What are the asymptote(s) and hole(s), if any, of # f(x) =(7x)/(x-3)^3 #?

1 Answer
Jul 24, 2018

Answer:

no holes
vertical asymptote at #x = 3#
horizontal asymptote is #y = 0#

Explanation:

Given: #f(x) = (7x)/(x-3)^3#

This type of equation is called a rational (fraction) function.

It has the form: #f(x) = (N(x))/(D(x)) = (a_nx^n + ...)/(b_m x^m + ...)#,

where #N(x))# is the numerator and #D(x)# is the denominator,

#n# = the degree of #N(x)# and #m# = the degree of #(D(x))#

and #a_n# is the leading coefficient of the #N(x)# and

#b_m# is the leading coefficient of the #D(x)#

Step 1, factor : The given function is already factored.

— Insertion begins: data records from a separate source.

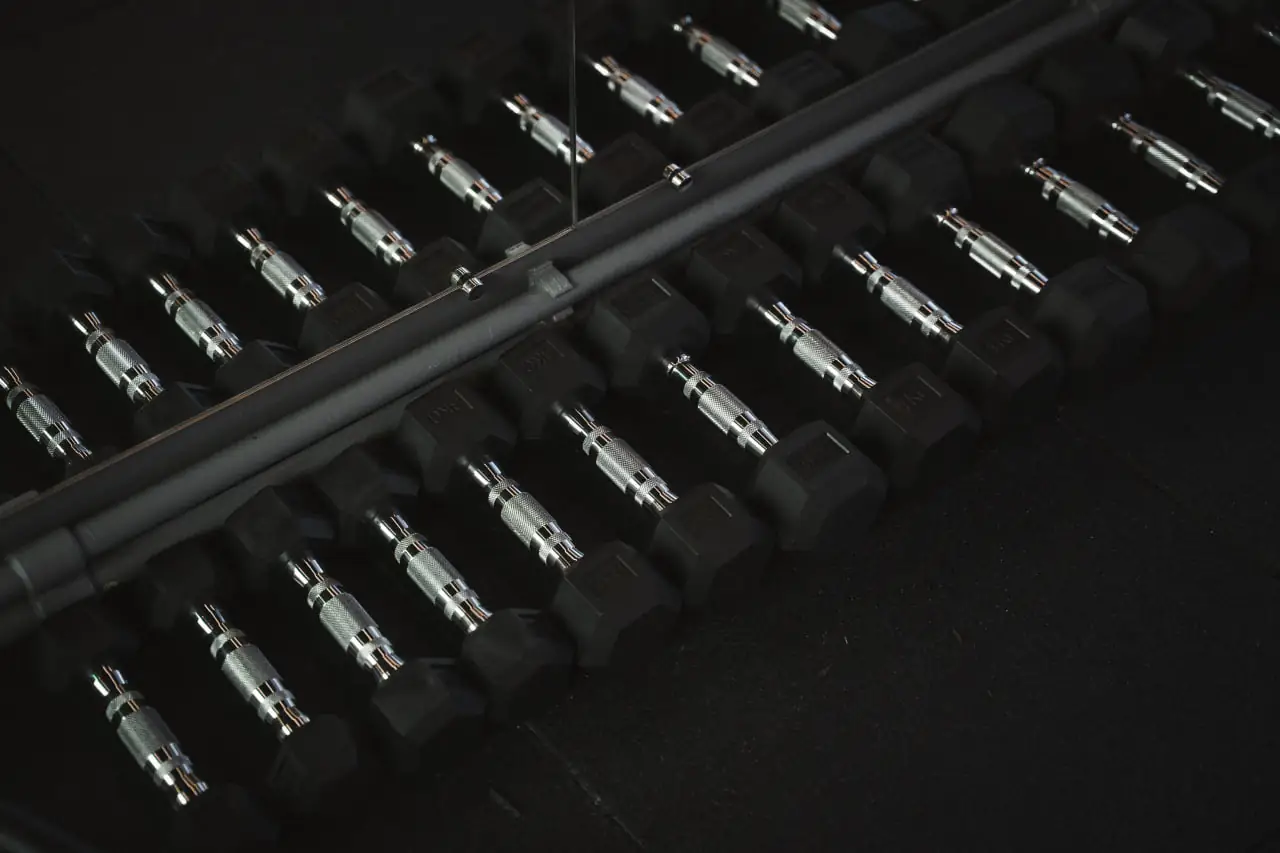 Гантелі в спортзалі NEXT LEVEL у Сумах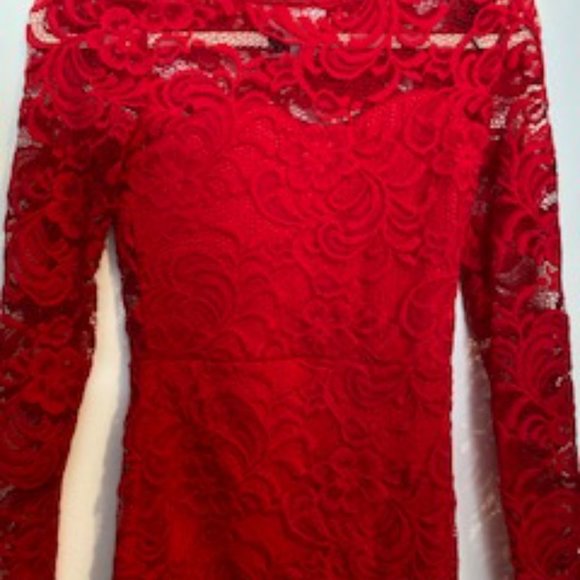 H&M Dresses Red on is size 4 black and white size S brand new with tag. - Picture 5 of 7
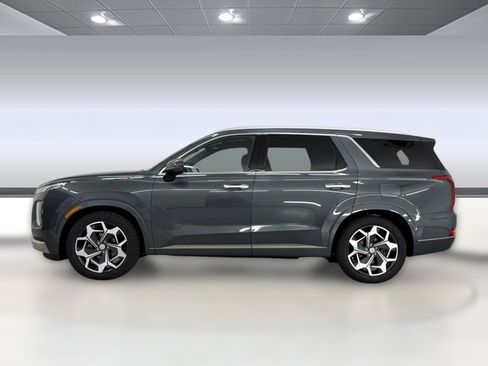 Used 2022 Hyundai Palisade Calligraphy w/ Cargo Package FWD image 2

Step 2, cancel any factors that are both in #(N(x))# and #D(x))# (determines holes):

The given function has no holes #" "=> " no factors that cancel"#

Step 3, find vertical asymptotes: #D(x) = 0#

vertical asymptote at #x = 3#

Step 4, find horizontal asymptotes:
Compare the degrees:

If #n < m# the horizontal asymptote is #y = 0#

If #n = m# the horizontal asymptote is #y = a_n/b_m#

If #n > m# there are no horizontal asymptotes

In the given equation: #n = 1; m = 3 " "=> y = 0#

horizontal asymptote is #y = 0#

Graph of #(7x)/(x-3)^3#:
graph{(7x)/(x-3)^3 [-6, 10, -15, 15]}